O assunto era a velhice já desconfortavelmente instalada nas duas, tanto no corpo quanto na alma. Alegres, descoladas e bem resolvidas, de repente se deram conta de que uma tristeza fazia sombra em seus prazeres, levando-as à renúncia de hábitos que as deixavam muito alegres.
Viajar, ir à praia, caminhar ao entardecer, tomar um vinho com amigos à noite, fazer exercícios físicos, ler, ir ao cinema, cozinhar ou sair para comer fora – tudo isso ia sendo gradativamente substituído por um desejo maior de ficar em casa, sem nem mesmo passar mensagens ou telefonar para alguém. Escondidas do mundo.
Uma saudade repentina da mãe falecida, dos amigos que partiram, dos filhos ausentes, dos netos crescendo longe, invadia o coração de uma. A outra, que não tem tantos lastros afetivos, confessava um distanciamento proposital da família e da maioria dos amigos. Havia crescido nela uma desconfiança generalizada, que se transformava em medo toda vez que lia os noticiários.
– Estamos vendo o mundo derreter na nossa frente, sem tempo de reagir a essa lama de degelo e fuligem urbana que nos assola – disse a outra – numa tentativa carinhosa de justificar o peso de envelhecer no triturador dos novos tempos.
Ambas assentiram que os acontecimentos externos poderiam ser a causa da melancolia repentina.

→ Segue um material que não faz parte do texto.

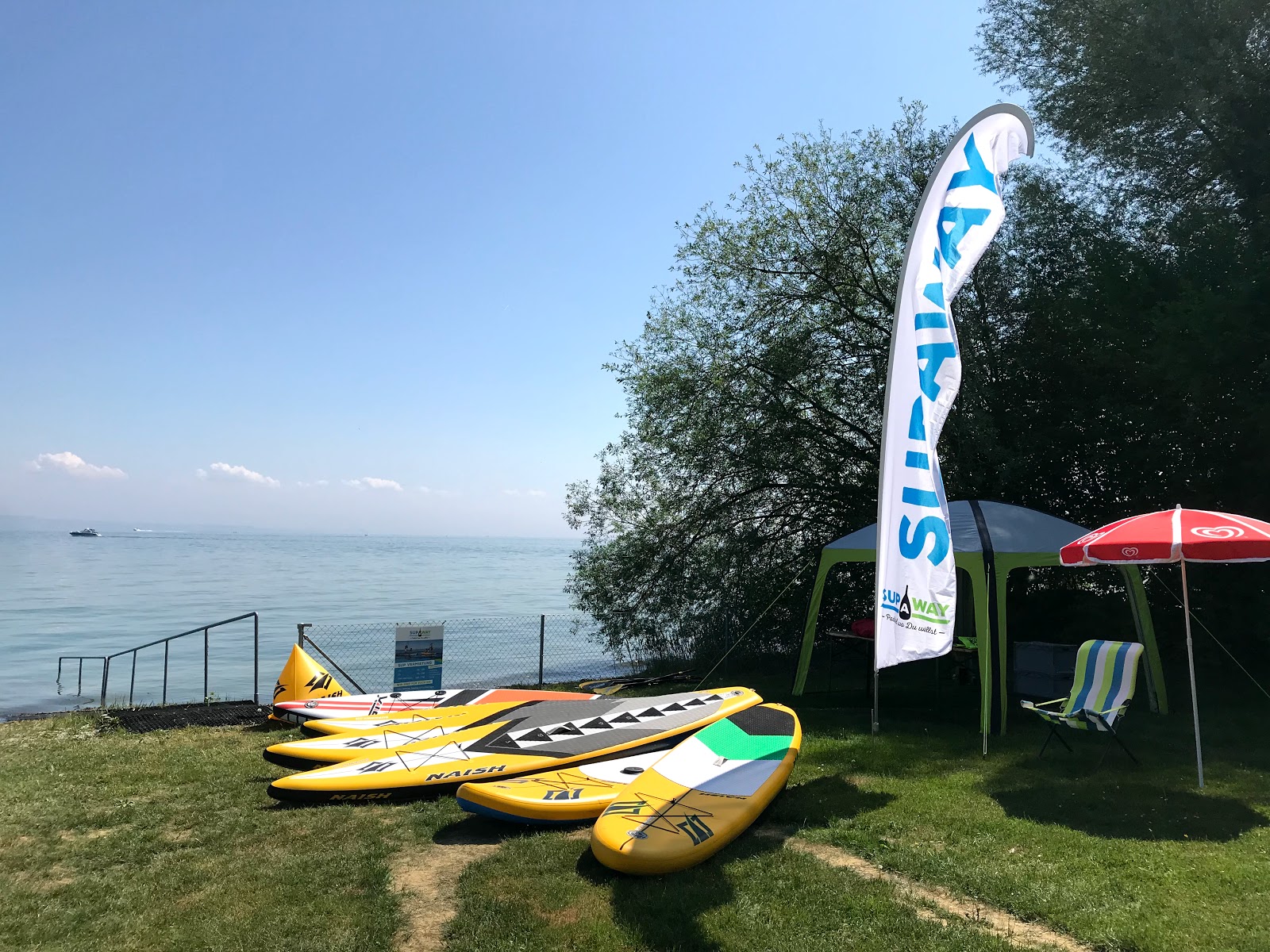 Foto de Freibad Roosli Beach com água cristalina superfície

Mas tiveram coragem de ir mais fundo na investigação. Estariam deprimidas? Uma já fazia uso de ansiolítico. A outra, mais natureba, tomava baldes de florais e fórmulas homeopáticas, além de meditação, yoga, exercícios. Tudo que dizem que é bom para “desentristecer.”
A essa altura da conversa já estavam mais leves, davam até risadas, quando uma falou que sentia falta de um propósito novo, algo que lhe tomasse o tempo e lhe desse algum significado para continuar vivendo.
– Que propósito? Velho não tem que ter propósito nenhum. Tem é que aceitar que sua jornada está terminando e agradecer por poder caminhar. O que a gente tinha que fazer, já fez. Agora é cuidar de viver com mais alegria, em paz, mais nada.
– É verdade – disse a outra. A alegria, a partir dos 70, está relacionada não ao que se pode ter, mas ao que ainda se tem: o olfato, o paladar, a visão, a audição, a locomoção, a aposentadoria, a casa própria ou alugada, mas que se pode pagar. Coisas e habilidades que muitos já perderam.
Então, concluíram que não tinham do que reclamar, e se puseram a cantar juntas: “É melhor ser alegre que ser triste, alegria é a melhor coisa que existe…”.
Às gargalhadas, decidiram que iriam reagir, por gratidão à vida e respeito às outras pessoas.
Desligaram o telefone e foram cuidar da vida com mais disposição. Amigo é mesmo o melhor terapeuta que existe.